To write a great beginning that will keep the reader engaged, we’ve got to do three things: grab their attention, hook them with a promise and convince them that this story is the one they need to read. Convincing them takes a combination of persuasion and authority. Once we have their attention, enticing them with a promise is part of the persuasion — if the hook promises a payoff they are interested in, access to special information, a thrilling suspense, an intriguing character, a mystery, etc. they will be persuaded to keep reading but only if they believe the promise will be fulfilled.

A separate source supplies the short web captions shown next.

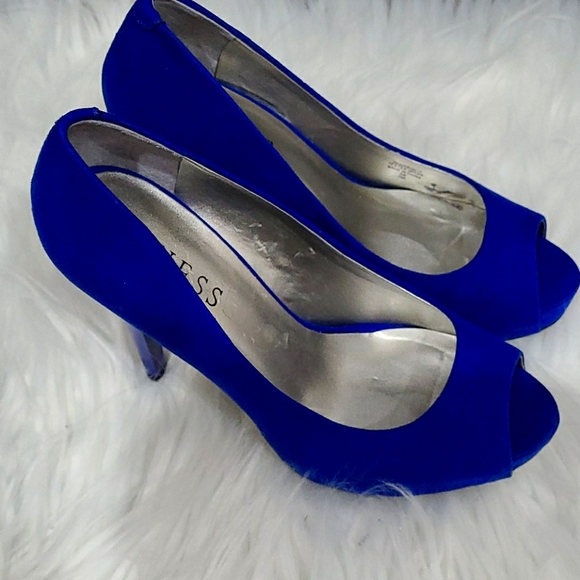 💙Guess suede blue shoes- size 6 - Picture 2 of 10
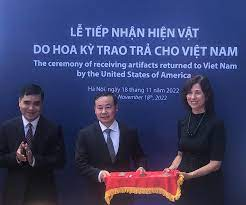 Can canh 10 co vat vo gia vua tro ve Viet Nam-Hinh-14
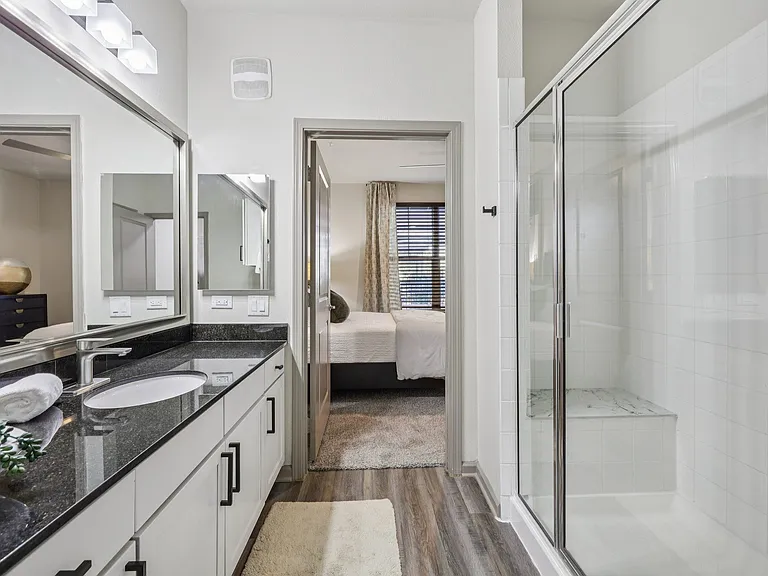 Vine + Vail Townhomes and Apartments — Photo 11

To believe the promise will be fulfilled they need to trust either the writer or the narrator, or both. This isn’t to say that the writer has to be the absolute authority on a subject, or even that the narrator has to be believable. This is fiction, after all, that misty view on the world that combines reality and imagination in various degrees and potencies. A place where both reliable and unreliable narrators can tell great, gripping, unforgettable stories. It isn’t the accuracy of the story that matters but our belief that the experience we are hoping to get from reading will be fulfilled. We don’t want to read a mystery that isn’t solved, just like we don’t want to read a romance with no spark.
We read stories to have life distilled into a more potent elixir. We read to learn, to experience, to feel… and we expect, demand even, to get that payoff. A reader who isn’t getting the experience she wants from reading will stop reading, and as I said in Mastering the Hook, your biggest job as a writer is to keep the reader reading.

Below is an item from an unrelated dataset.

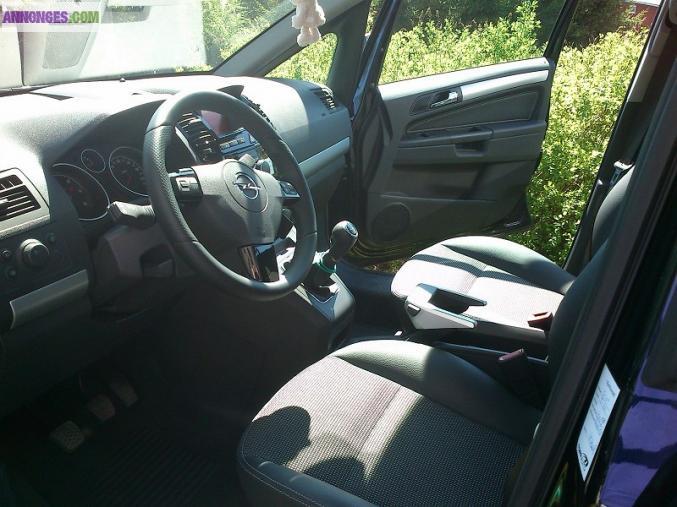 Opel Zafira Cosmo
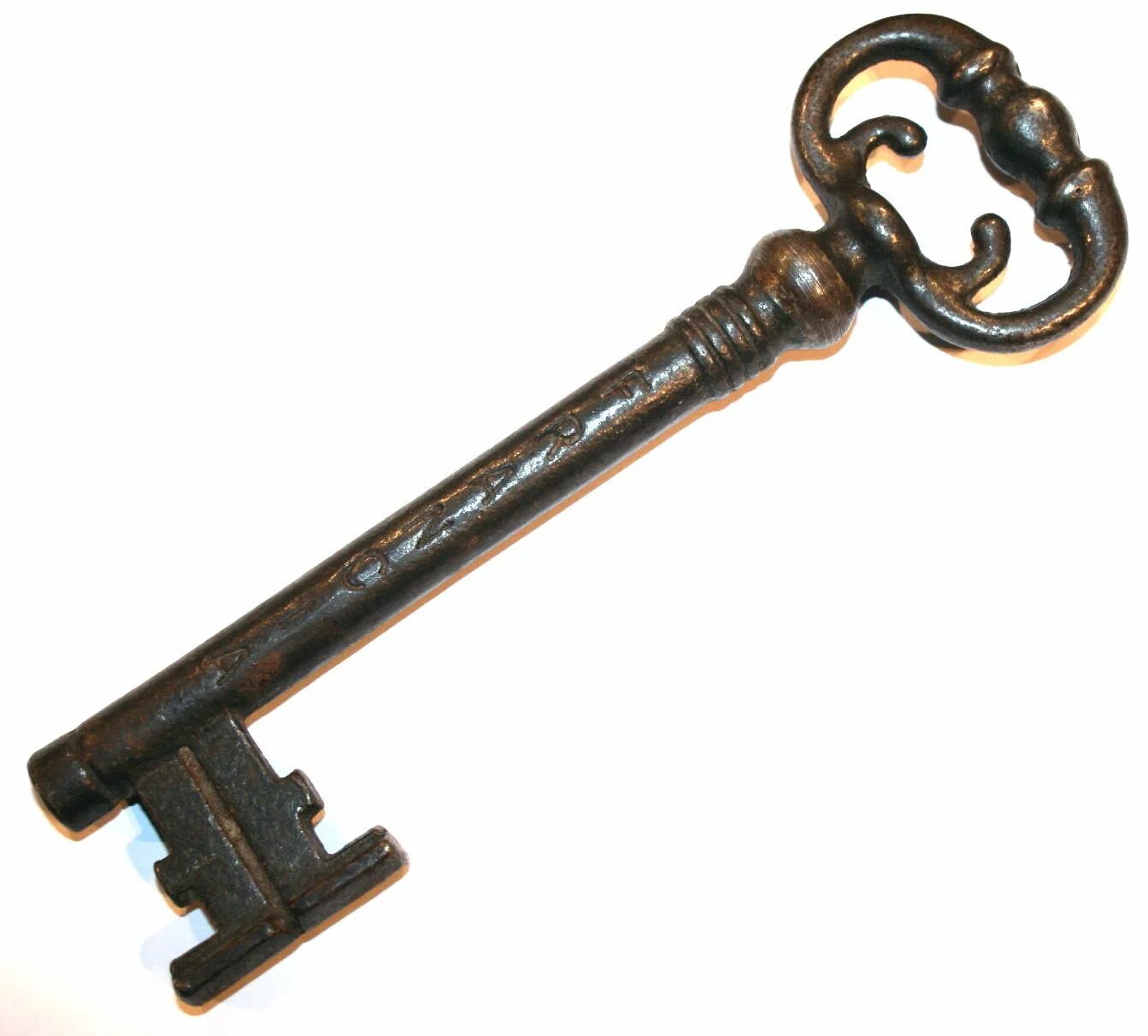 Куплю старые ключи. Старинный ключ. Старинный ключик. Ключ старинный большой. Средневековый ключ.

We build trust as writers by following some of the basic rules and conventions of writing. You can break the rules if you wish, but when you do, you have to work harder to build trust. I can spell words wrong if I want to, but the reader won’t know if it’s intentional or careless and if she suspects it’s careless, she will probably stop reading. Why should she put more effort into reading than I put into writing?

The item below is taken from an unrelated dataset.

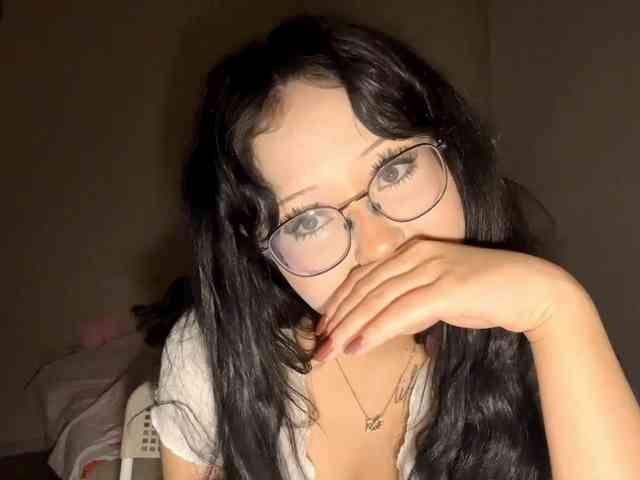 DominicaTkach webcam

Beyond grammar and spelling, there are genres that have established conventions writers follow. A mystery has to have something to solve, a romance will have a meeting, followed by a build-up to love, then an obstacle and finally a happy ending. Readers who read these genres will be disappointed and probably angry if they find out that a story presented as a mystery doesn’t have a resolution or a romance doesn’t have a happy ending.
You can learn more about the conventions of a plot for commercial fiction in Shawn Coyne’s The Story Grid.
But not all stories are plot-driven. Some are character-driven. Many are idea-driven. Some are literary and have fewer traditional conventions to follow. Some might be more poetic, with what seems like unlimited creative license, but still, the reader needs to trust she is getting something from reading and it is the writer’s job to convince her that her time and energy are well spent.
It isn’t just the nitty gritty details that matter but also how you tell the story. Are there too many tangents? Do you have inconsistencies in your characters? Is your timeline too complicated or confusing? Because we are reading a condensed version of the larger story, we want to see only the essential elements. Including scenes, characters, events or anything that doesn’t move the story forward or serve the story in some way risks boring or losing the trust of your reader.
This is where a final story stands out from a draft. In a draft, you may not have all the elements of your story in place, you may have paragraphs that wander. These need to be edited out.
If you don’t know where you are going, what will happen or what is necessary for the story, your reader will pick up on that quickly. If the reader doesn’t trust you know where the story is going, how will she trust that she should stick around for the ride?
John Irving writes complex, playful, engaging books and we let him take us on his wild journey because we trust we will get to the end, we trust our time is not wasted because everything he writes, is somehow in service of the story.
Narrative confidence translates to the page, transfers to the reader and builds the trust that allows the reader to let go, suspend disbelief, imagine and get lost in the story.
The best way to ensure you have that confidence is to study the craft of writing and know your story. Do the preparation, read and study the best and then edit out the excess. However you move forward from there, don’t waste the reader’s time.